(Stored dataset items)
..............................

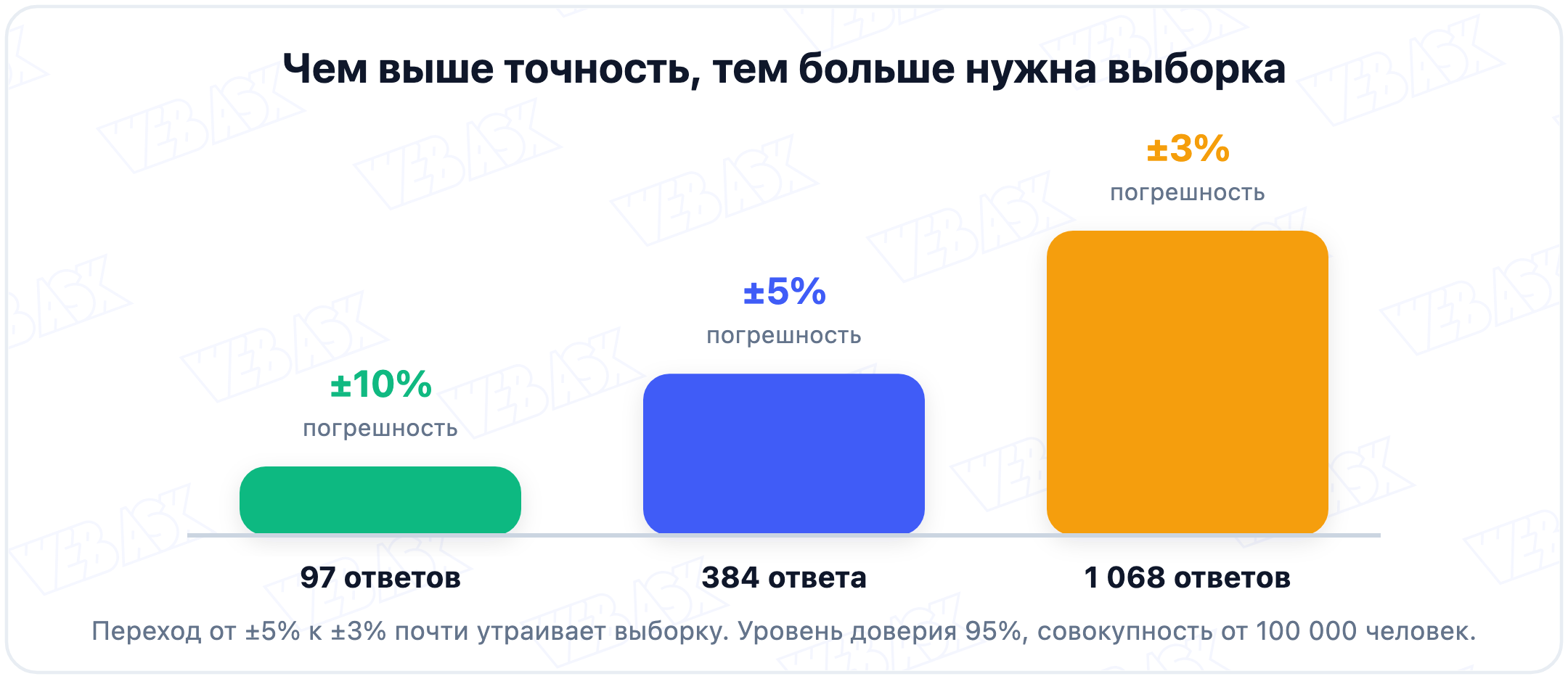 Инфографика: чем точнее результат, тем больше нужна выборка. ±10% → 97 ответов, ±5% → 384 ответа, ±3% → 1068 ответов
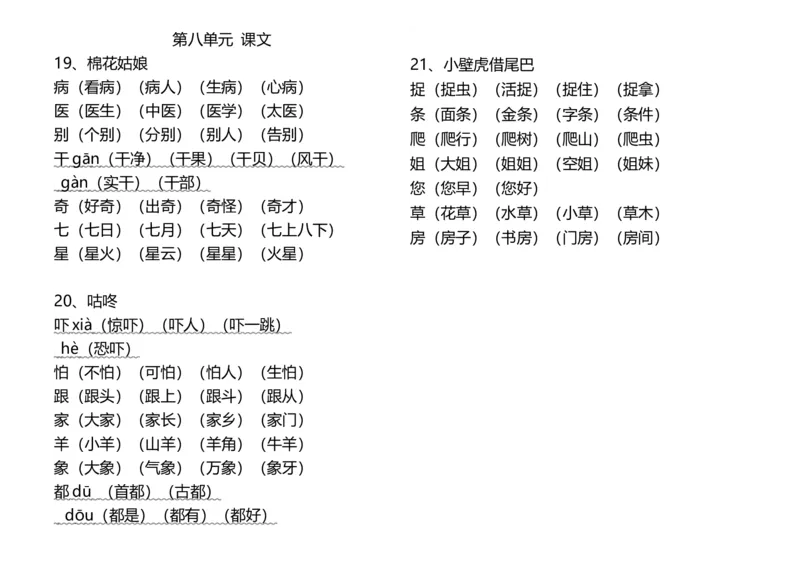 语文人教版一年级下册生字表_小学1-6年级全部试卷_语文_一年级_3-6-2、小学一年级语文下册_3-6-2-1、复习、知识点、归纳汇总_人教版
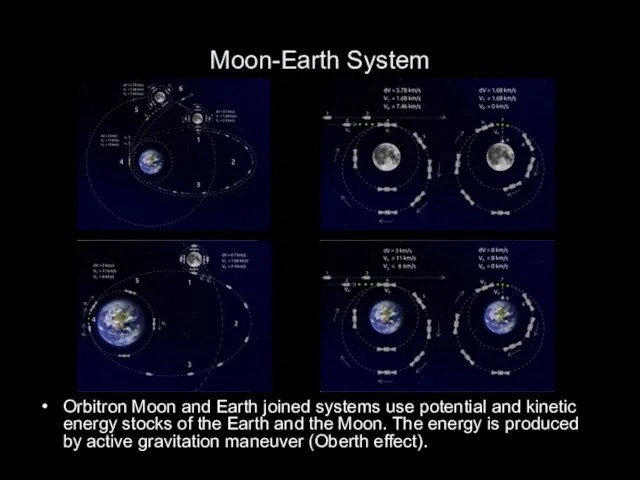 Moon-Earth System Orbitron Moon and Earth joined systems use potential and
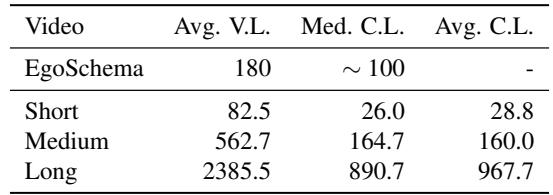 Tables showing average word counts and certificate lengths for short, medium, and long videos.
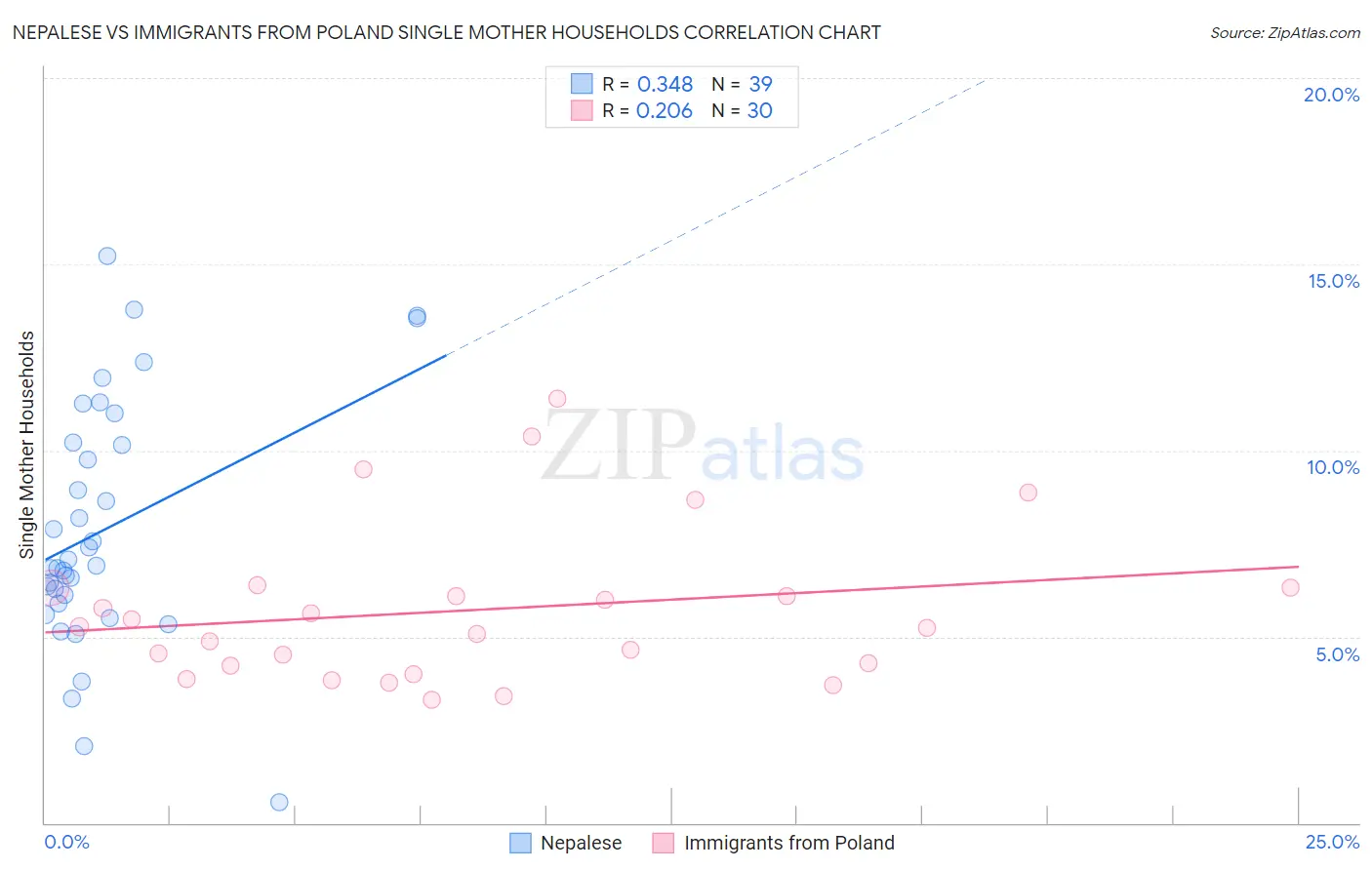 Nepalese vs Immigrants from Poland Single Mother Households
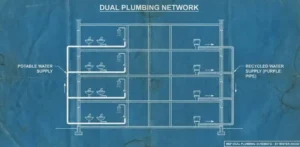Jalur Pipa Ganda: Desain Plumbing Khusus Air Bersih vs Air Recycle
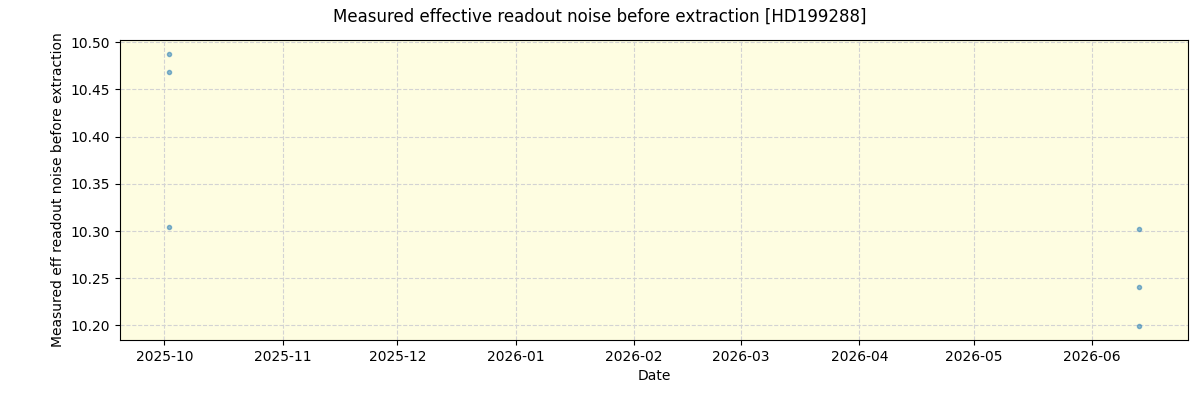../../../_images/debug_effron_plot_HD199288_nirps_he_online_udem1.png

..............................

▸ **WORK TO BE COMPLETED**: Extract only the lines from the one that contains "Tables showing average" through the end of the records, inclusive, and omit every picture.

▸ **EXERCISE ANSWER**:
 Tables showing average word counts and certificate lengths for short, medium, and long videos.
 Nepalese vs Immigrants from Poland Single Mother Households
Jalur Pipa Ganda: Desain Plumbing Khusus Air Bersih vs Air Recycle
../../../_images/debug_effron_plot_HD199288_nirps_he_online_udem1.png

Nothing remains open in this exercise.